Paper Reading 1: Analysis
Published:
Concepts: Clustered Standard Errors
Methods: Hendonic Regression, Test for Randomization
Gender Peer Effects on Students’ Academic and Noncognitive Outcomes: Evidence and Mechanisms
Jie Gong, Yi Lu and Hong Song, 2019, Journal of Human Resources
Empirical analysis:
$Y_{ics}=\alpha+\beta_{1}Peerfem_{-ics}+\beta_{2}Female_{ics}+\phi X_{ics}+ \tau W_{cs}+\lambda_{sg}+\epsilon_{ics}$
- $Y_{ics}$: Measures of academic and noncognitive outcomes for student i in class c of school s
- $Peerfem_{ics}$: Proportion of females in i’s class, excluding i;
- $Female_{ics}$: Binary. whether i is female;
- $X_{ics}$: i’s predetermined characteristics and teacher controls;
- $W_{cs}$: Peers’ ability controls, including baseline academic ability for male and female peer.
- $\lambda_{sg}$: school-grade fixed effect;
We cluster standard errors at the class level, accounting for correlation in outcomes for students in the same class.
- Clustered standard errors: Estimate the standard error of a regression parameter in settings where observations may be subdivided into smaller-sized groups (“clusters”) and where the treatment assignment is correlated within each group. It’s useful when treatment is assigned at the level of a cluster instead of at the individual level.
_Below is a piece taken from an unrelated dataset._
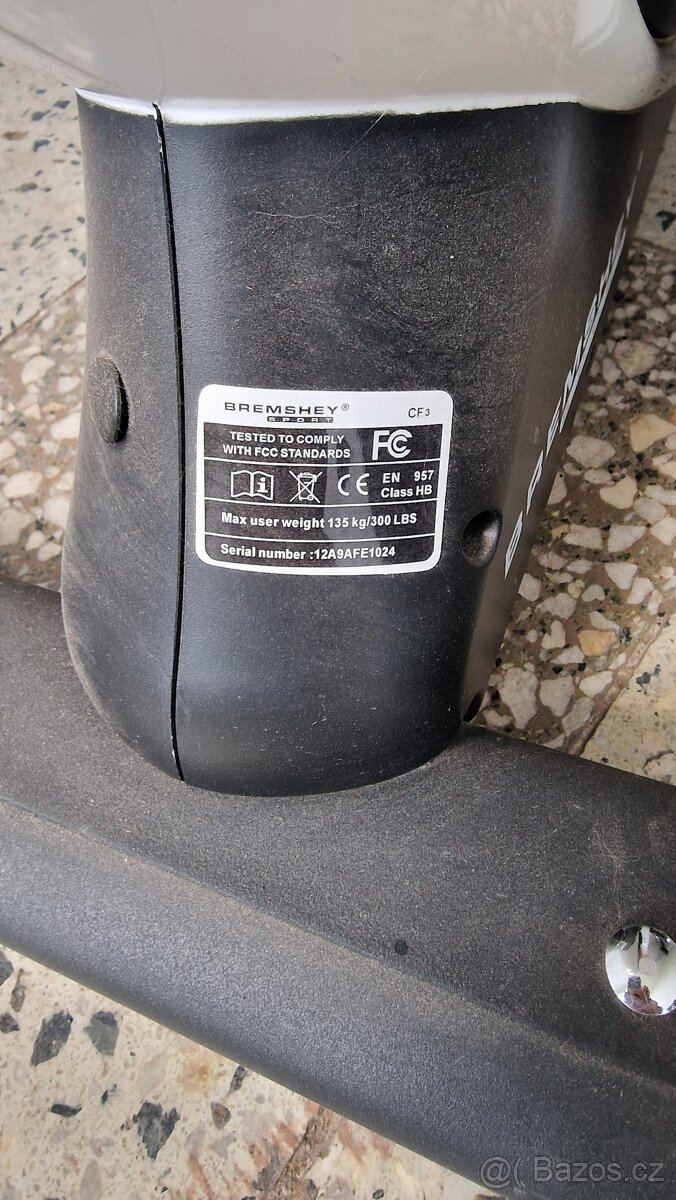 Eliptický trenažér BREMSHEY CF3 - 2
- E.g., we want to discover whether a teaching technique improves student test scores. We assign teachers in “treated” classrooms to try new technique, while leaving “control” classrooms unaffected. When analyzing results, we want to keep data at the student level (However, classical SE are inappropriate because student test scores within each class are not independently distributed. Instead, students in classes with better teachers have high test scores regardless of whether they receive the experimental treatment). Thus we cluster SE at classroom level to account for this aspect of the experiment.
Main Results
A. Gender Peer Effects on Academic Performance
- Examine the gender peer effect on students’ academic outcomes using regression model
Interpretation: All regressions include subject and school-grade fixed effects. The coefficient for the proportion of female peers is positive and statistically significant, which suggests that on average, when a student has more female peers in the class, he or she tends to achieve higher grades. After controlling for predetermined characteristics of the focal student, the teachers, and the academic ability of female and male peers, we find that the effect is consistently positive and statistically significant at the 1% level. The coefficient, 1.019, suggests that a 10-percentage-point (approximately 1.25 standard deviation) increase in the proportion of female classmates raises a student’s test score by 10.19% of a standard deviation.

B. Gender Peer Effects on Noncognitive Outcomes
Interpretation: the estimated impact on mental stress is small in magnitude and statistically insignificant, which suggests that having more female peers does not appear to influence students’ mental stress levels. Table 4, columns 4 to 6, report the estimated effects on students’ social acclimation and general satisfaction in school. Overall, we find a positive effect of having more female classmates on students’ outcomes along this dimension. The effect remains robust after controlling for student and teacher characteristics, as well as for peers’ ability.
Robustness Checks
1.Effects from female students’ ability spillover.
Concern: Effects may come from the spillover of female students’ academic ability and performance, given that the literature has established girls’ advantage in test scores during primary and middle school.
- There are some gender differences between female and male characteristics and baseline academic ability, but the magnitudes are small. The pattern of academic performance before middle school is mixed: while male students are more likely to repeat grades, they are also more likely to skip grades.
- when we control for the academic ability of female and male peers, the main results remain similar.
2.Teacher assignment, differential teaching and grading.
Concern: it may not reflect better academic achievement, but rather differential teaching and grading by teachers.
- Conduct a balancing test on teachers characteristics(i.e., regressing teacher pre-determined characteristics (gender, education, etc.) on female peer proportion and controlling for school-grade fixed effect.)
- Results: Most estimates are statistically insignificant, suggesting no strong correlation between teachers characteristics and the percentage of female students.